Problem
Echocardiography is an important diagnostic technique with high demand. Of the 15 key diagnostic tests monitored in public NHS England data, the echocardiography waiting list is the fourth largest and has the third highest number of 6-week wait breaches, which is the joint highest proportion at 48%.1 The national target set in 2008 is 1%. As of the end of September 2022, North West Anglia NHS Foundation Trust (NWAFT) had a waiting list of over 2800 for echocardiography (most being transthoracic echocardiography (TTE), but also transoesophageal echocardiography (TOE)) with 69% waiting over 6 weeks.

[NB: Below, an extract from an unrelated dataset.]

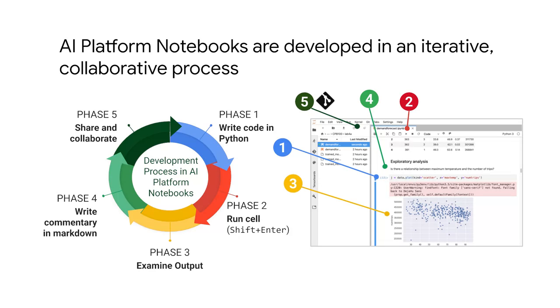When your AI platform notebook is hosted in the cloud, you can develop together quite easily. And just as Google Docs are available even when your computer isn't on, so too are AI platform notebooks when you run them in the cloud.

At the NWAFT Cardiac Investigations Department, TOE has been performed by a consultant cardiologist, a role in short supply and with multiple other commitments, so capacity has been limited. Additionally, sometimes TOE had to be abandoned due to failed intubation, and some appointment slots have been taken up with ‘failure demand’2 from inappropriate referrals. The pathway also contained many points of delay (figure 1), causing knock-on effects in other clinics and staffing.
Constrained access has lengthened patient waiting times for TOE, delaying clinical decision-making and so treatment pathways and condition management. For inpatients, it increased their length of stay in beds in our trust’s acute (secondary care) hospitals when patient flow is a particularly severe problem across the NHS.
Most inpatient referrals for TOE are ‘query infective endocarditis’ (IE), a condition that should be treated without delay to improve survival. Supporting this, an internal audit of IE at NWAFT found that long waits between inpatient referral for TOE and the TOE procedure itself (and so diagnosis) can affect patients’ prognoses. A further benefit of improved access to TOE would be some patients bypassing the inpatient TTE diagnostic service, saving departmental resources. TTE is a much higher-volume service, so an inpatient could access this more quickly. Therefore, in practice, clinicians may request a TTE even though they believe a TOE will be probably be necessary subsequently.
NWAFT’s vision is based on ‘excellent quality of care’ and ‘delivering outstanding care and experience’.3 We operationalise this through continuous service improvement and redesign initiatives, in particular, new quality improvement (QI) programmes.3
In this project, our QI approach was the Model for Improvement (MfI). At its core it has three questions: Q1: “What are we trying to accomplish?”; Q2: “How will we know that a change is an improvement?”; and Q3: “What changes can we make that will result in improvement?” to guide system exploration and plan-do-study-act (PDSA) cycles.4 The three questions guide a QI team to set aims, establish metrics and design and select change ideas to then test and refine through PDSA cycles. Revisiting the purpose, metrics and set of change ideas, the team decides whether to continue developing and testing further change ideas or to focus elsewhere. Recently, the MfI has been used successfully in another area of echocardiography,5 another physiological sciences specialism, neurophysiology,6 as well as in hospital life sciences specialisms.7–9
Our primary project aim (Q1 of the MfI) was to improve the performance of our department at NWAFT via improving our TOE provision. Within this overall aim, we had four goals (see also the driver diagram4 in online supplemental figure S3):
Improve access to TOE by reducing the waiting times to within 3 days for inpatients and 14 days for outpatients, within 6–12 months (our main intended outcome);
Improve intubation success rates, so fewer TOE procedures are abandoned;
Relieve the consultant cardiologist of the TOE clinic, so they can shift their time to other high-value tasks such as seeing patients who require clinical decisions, and to make use of the greater availability of clinical scientists;
Improve the quality of TOE reporting to meet British Society of Echocardiography (BSE) TOE guidelines.10
To try to achieve these, we tested a set of change ideas (Q3 of the MfI) arising from the broad concept of developing and refining a clinical-scientist-led TOE service. To our knowledge, there has been no previous performance analysis of a TOE service, or comparison of consultant- versus scientist-led provision, in the NHS. Therefore, if successful, an additional objective was to disseminate our findings. To assess our progress (Q2 of the MfI), we established and analysed a set of metrics. See online supplemental figure S3 for an overview of the logic of our project.